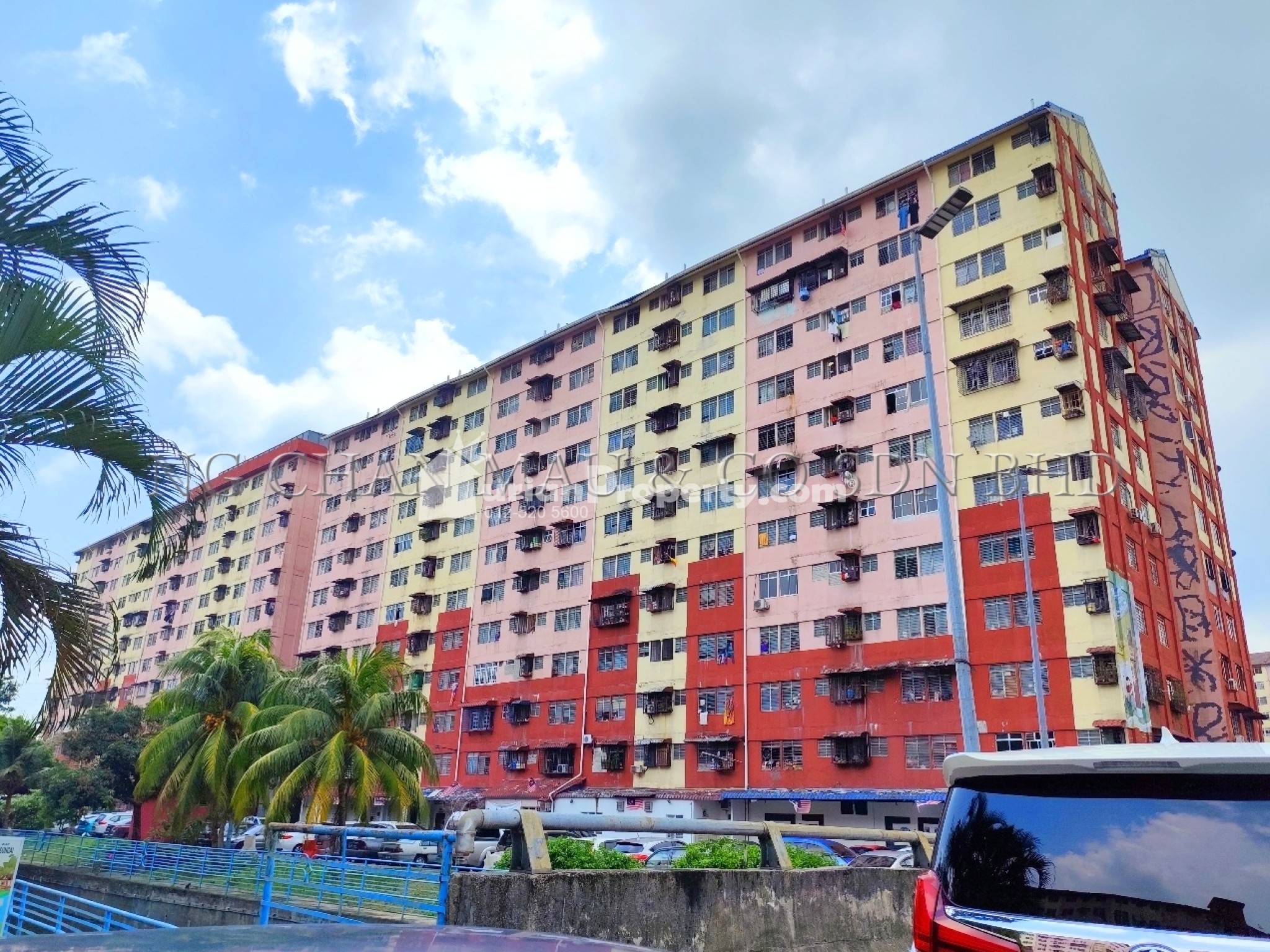 Apartment For Auction at Desa Mentari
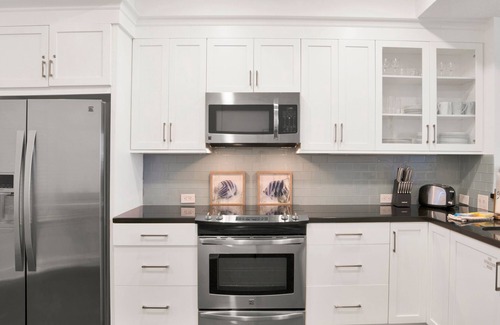 Ono Island Condo | Villa Monarch | Stunning Views, Private Balcony, & Beautiful Interior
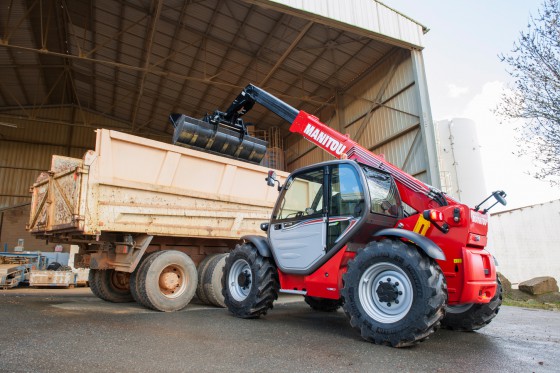 MT series MANITOU telehandler. 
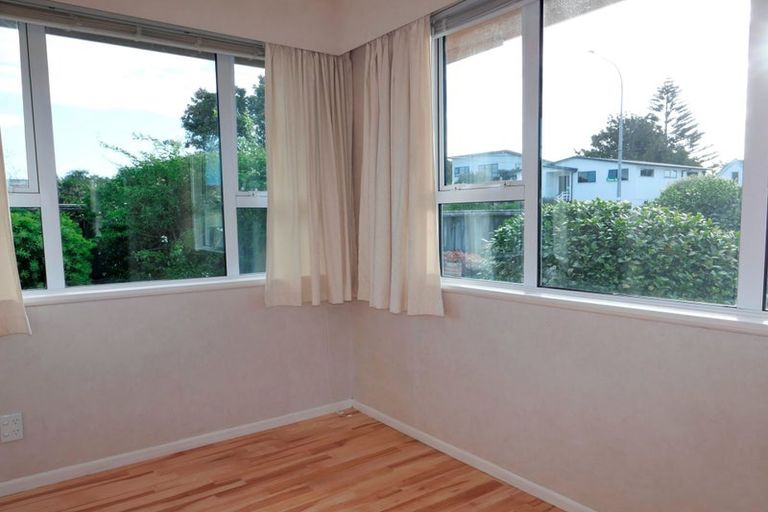 Photo of property in 10 Walton Road, Paraparaumu Beach, Paraparaumu, 5032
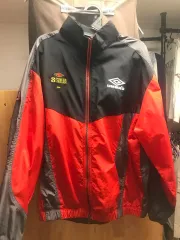 アンブロ ウィンドブレーカーのサムネイル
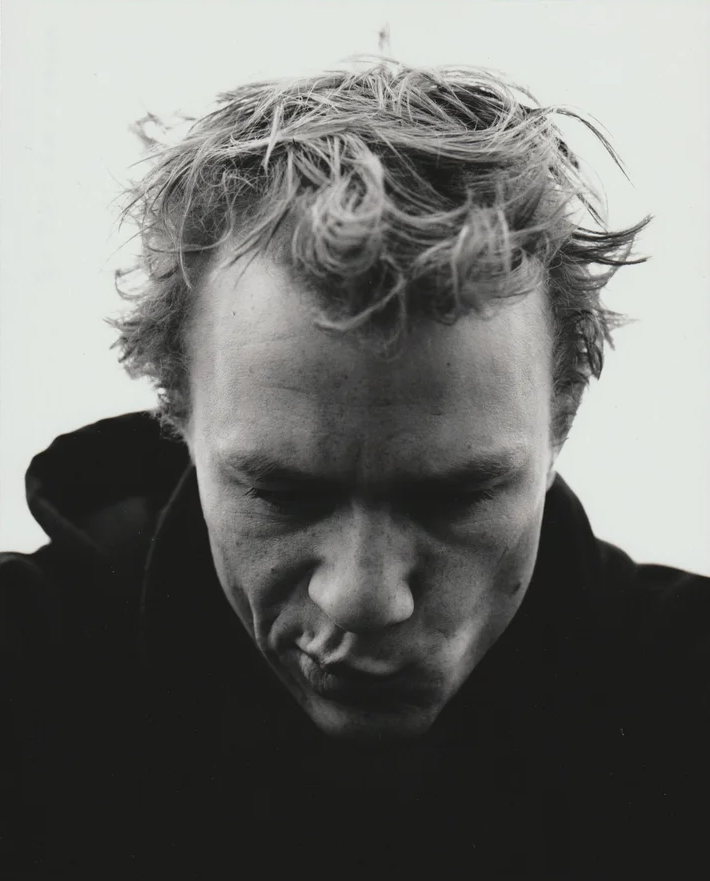 ElenaVitaH's tweet photo. Heath Ledger photographed by Jake Chessum, 2004. #HeathLedger #JakeChessum https://t.co/vwhYs1RHMt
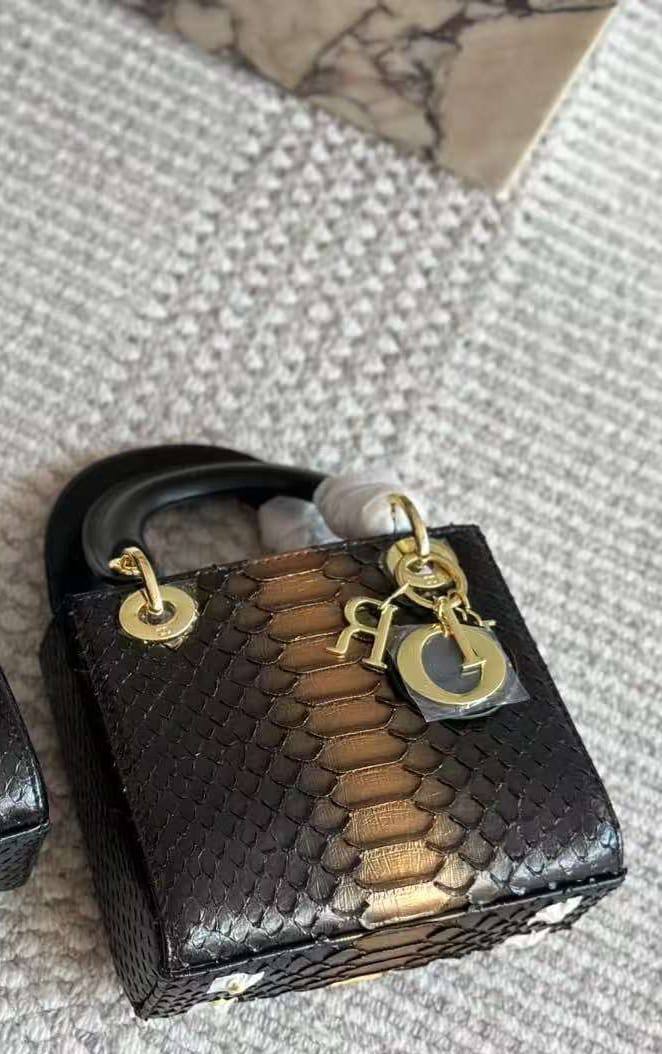 Dior
Master
420 dhs🇦🇪

Zain10
♥️♥️♥️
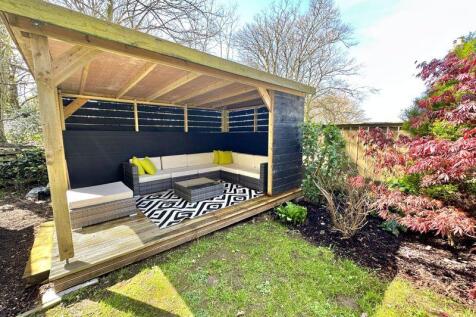 Outdoor entertaining space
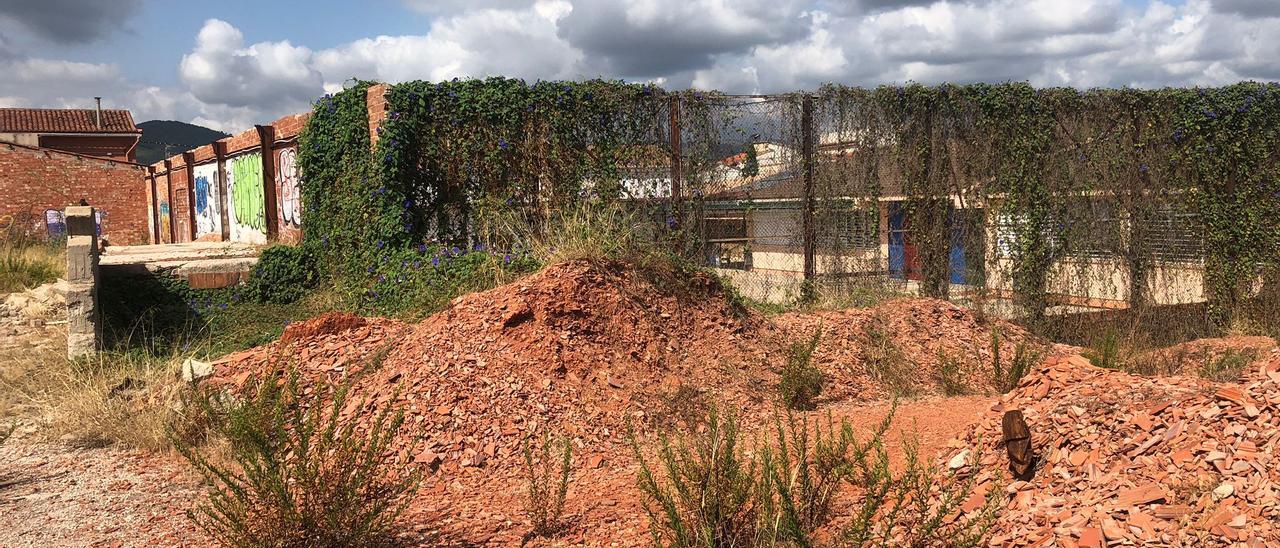 Terreno degradado donde se construirá la ampliación del colegio, donde se ve el actual centro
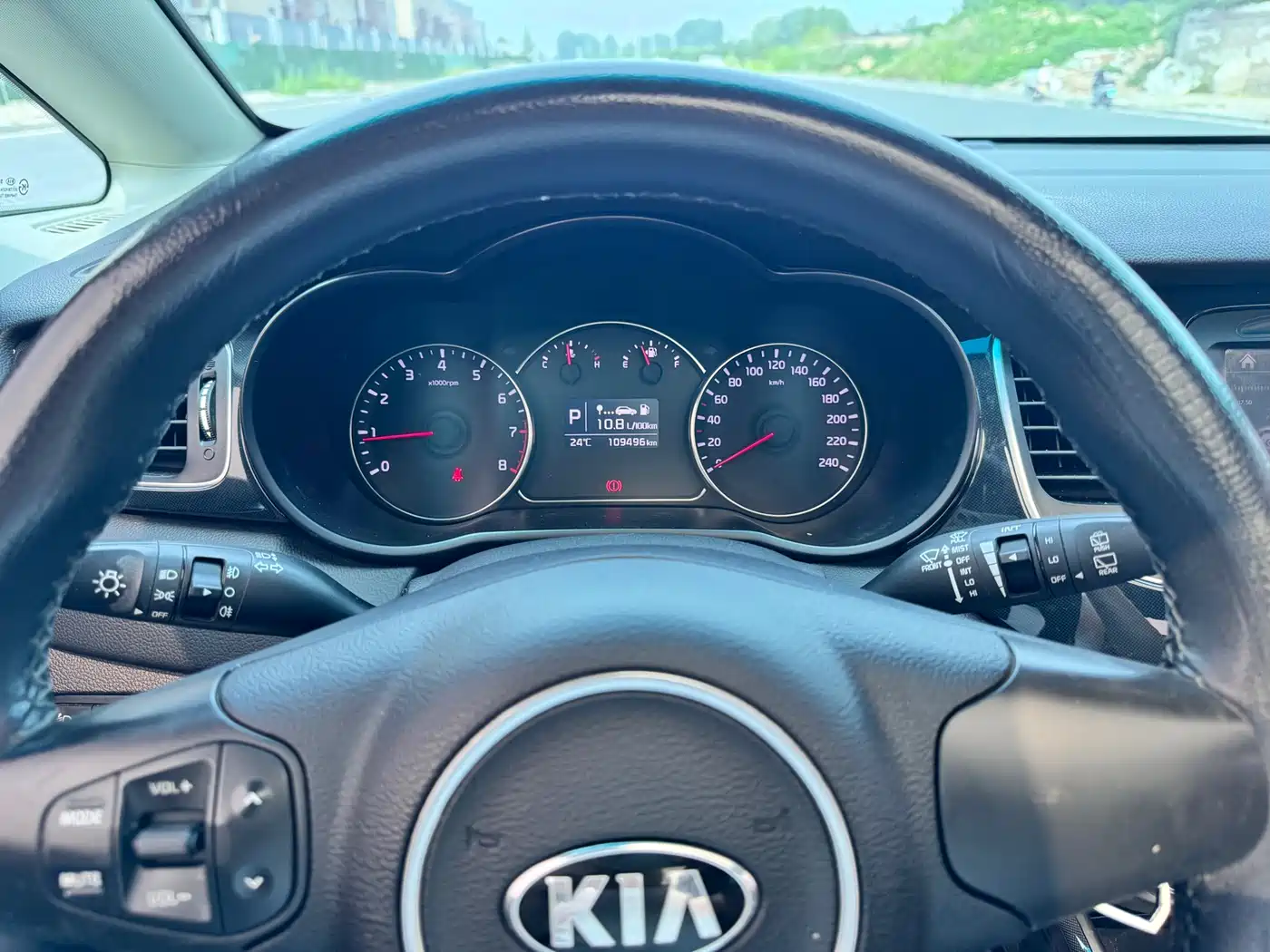 Kia Carens 2013 2.0L 5-Seat Auto Comfort China IV фото 7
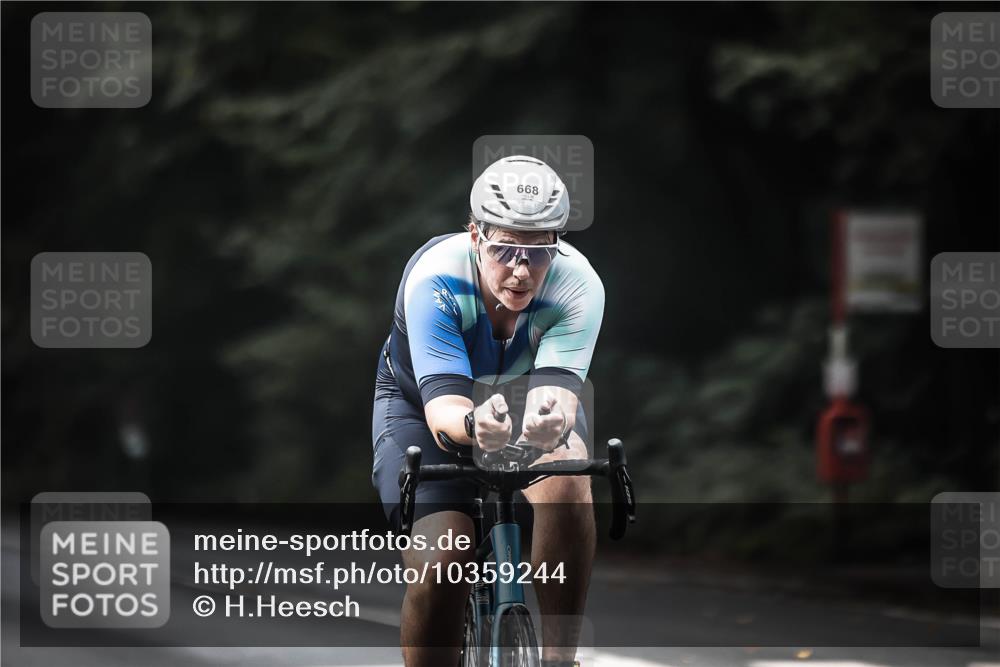 13.09.2026 - Stadtparktriathlon H.Heesch http://msf.ph/oto/10359244 13.09.2026 11:13:23 Radfahren 602, 635, 668 meine-sportfotos.de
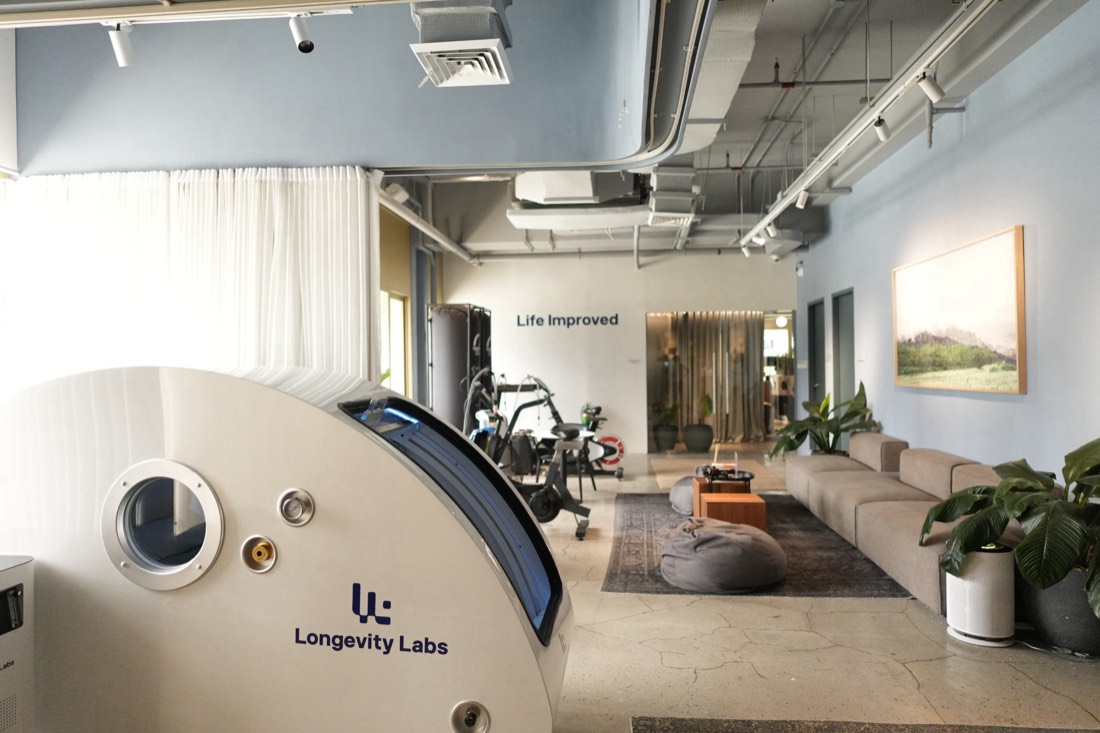 The hyperbaric oxygen chamber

────────

_Work item_
Both boundary lines included, write out word for word only the lines above from the one containing "Ono Island Condo" to the one containing "Outdoor entertaining space", leaving out any pictures.

_Answer box_
 Ono Island Condo | Villa Monarch | Stunning Views, Private Balcony, & Beautiful Interior
 MT series MANITOU telehandler. 
 Photo of property in 10 Walton Road, Paraparaumu Beach, Paraparaumu, 5032
 アンブロ ウィンドブレーカーのサムネイル
 ElenaVitaH's tweet photo. Heath Ledger photographed by Jake Chessum, 2004. #HeathLedger #JakeChessum https://t.co/vwhYs1RHMt
 Dior
Master
420 dhs🇦🇪

Zain10
♥️♥️♥️
 Outdoor entertaining space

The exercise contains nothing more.